Gebäude ohne Unterkellerung


Das Gebäude ist als Stahlbeton- Massivbau ohne Unterkellerung konzipiert. Es bietet im Erdgeschoss neben einem Foyer, Sanitär- und Nebenräumen einen Saal mit Küche und Veranstaltungstechnik, im Obergeschoss einen kleinen Saal, zwei Gruppenräume und die Technikzentrale. Über den Seiteneingang, der an den überdachten Umgang angebunden ist, ist das Erdgeschoss barrierefrei erschlossen. Der Saal im Erdgeschoss ist teilbar, für die seltenen Großveranstaltungen kann der kleine Saal im Obergeschoss über eine mobile Trennwand als Galerie zugeschaltet werden. Die im Erdgeschoss auf ganzer Länge vorgelagerte Terrasse erweitert den Saal in einem fließenden Übergang nach außen und kann für Veranstaltungen und Feste zusätzlich aktiviert werden.

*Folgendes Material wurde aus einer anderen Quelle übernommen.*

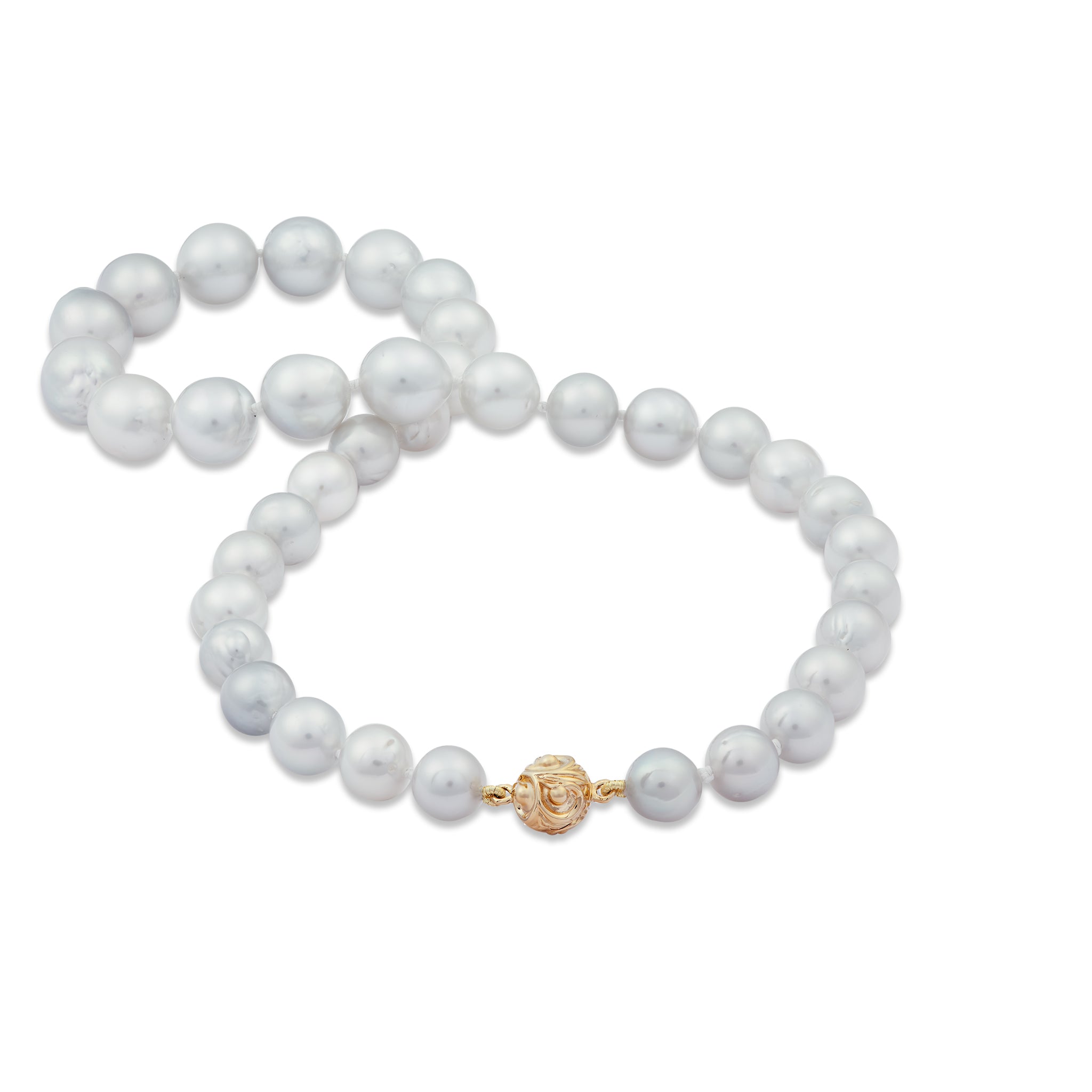 18-19" South Sea Silver Pearl Strand with Magnetic Clasp in Gold - 9-13mm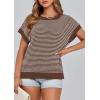 image:imagePRETTYGARDEN Womens Short Sleeve Sweater Spring Summer 2026 Round Neck Striped Pullover Cap Sleeve Knit Sweater Vest TopsDark Brown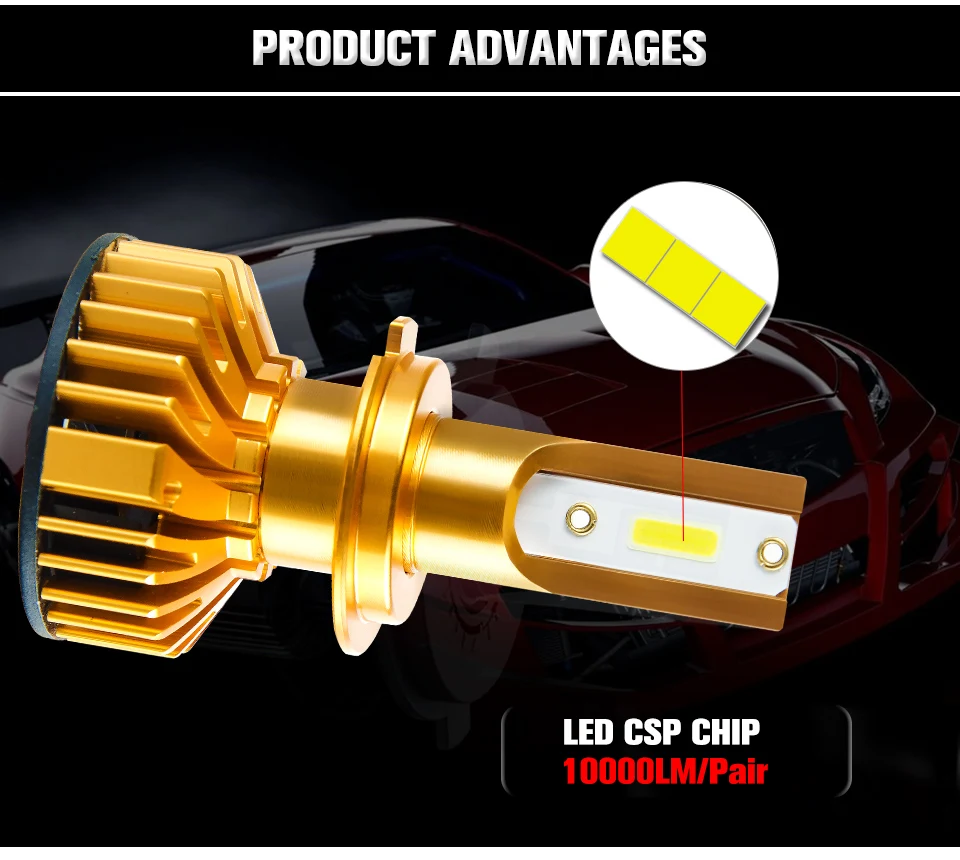 LED H7 ampoule Canbus Car headlight H4 H1 H11 H8 9005 9006 Hi Lo Beam araba aksesuar auto 12V 24V DOB 10000LM 72W With decoder (3)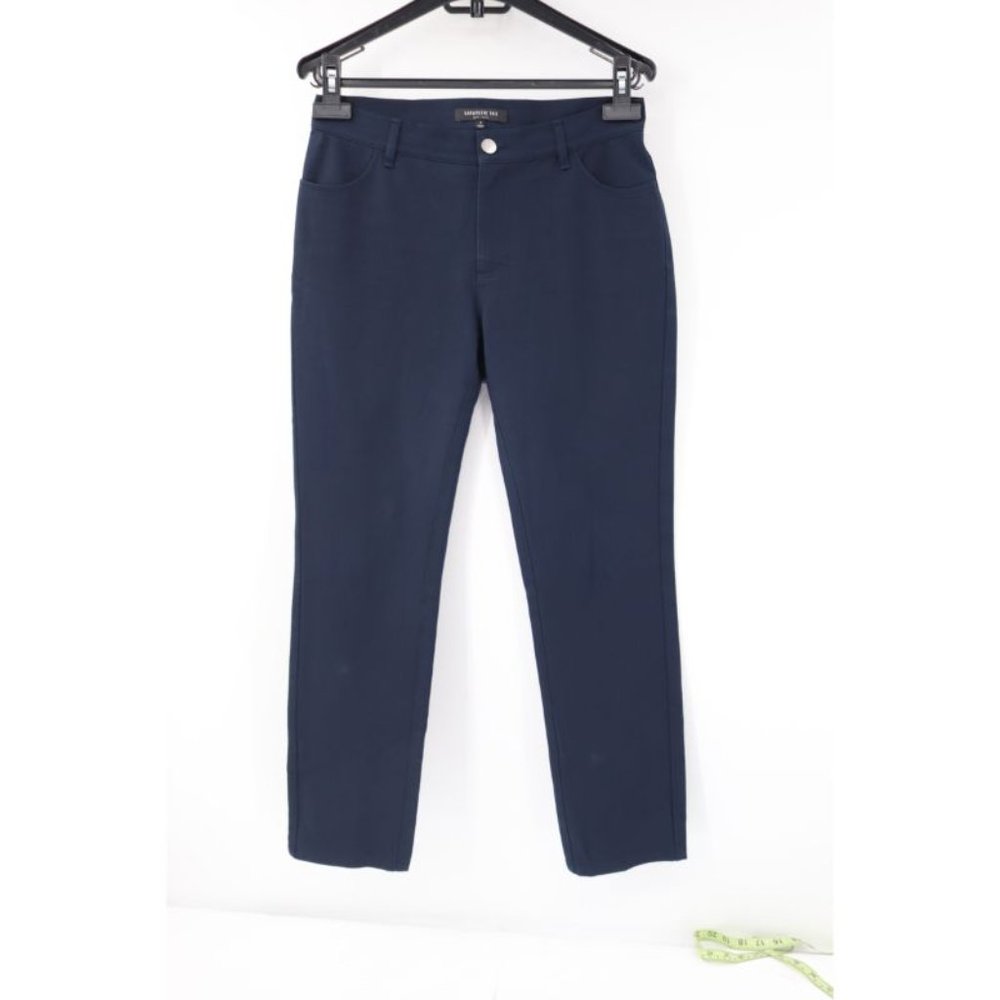 lafayette 148 pants Womens 2 flat front navy chino cotton blend pockets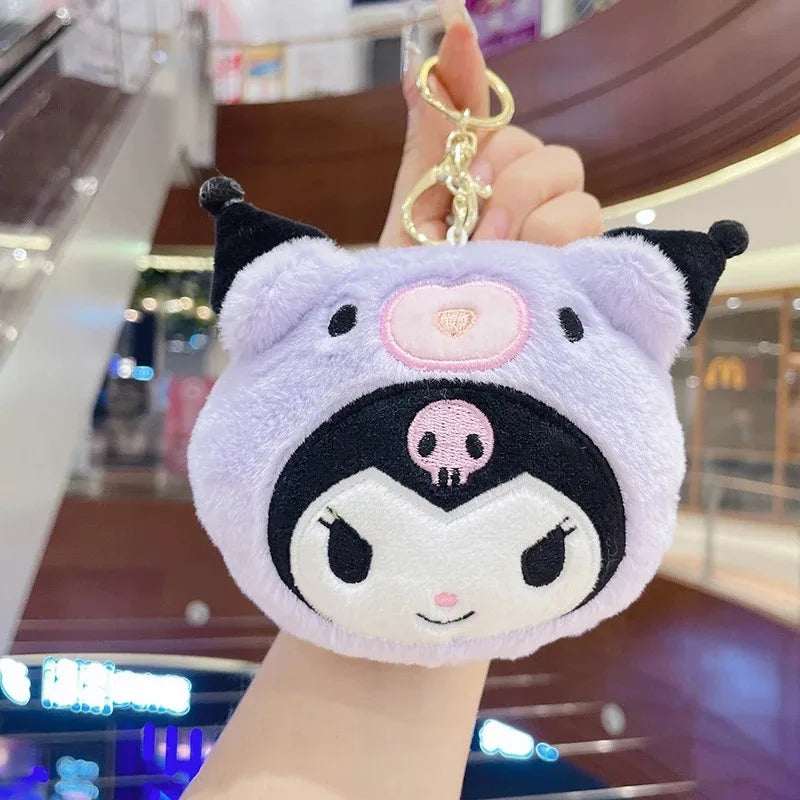 Sanrio Kuromi Plush Keychain Wallet Melody Cinnamoroll Plushies Coin Purse Earphone Organizer Bag Pendant Key Ring Girls Gifts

Um Sichtbetonoberflächen realisieren zu können, sind neben Elektroinstallation und Einbauleuchten auch die Lüftungsleitungen in die Geschossdecken integriert. Für die Planung bedeutete dies, zu einem frühen Zeitpunkt sehr exakt Positionen und Einbauteile festzulegen – wie zum Beispiel die in die Decke flächenbündig eingelassenen Schienen für mobile Trennwände. Das Gebäude wird über einen Gas- Brennwertkessel mit Wärmerückgewinnung beheizt und ist mit einer Fußbodenheizung ausgestattet. Die Zuluft wird im Saal über Weitwurfdüsen, in den Gruppenräumen über Deckenauslässe eingeblasen, die Absaugung im Saal erfolgt über eine Fuge an der Wand-Holzverkleidung beziehungsweise wird in den Gruppenräumen über Bodenkanäle abgeführt. Das Flachdach ist für die Installation von Photovoltaik-Elementen vorgerüstet.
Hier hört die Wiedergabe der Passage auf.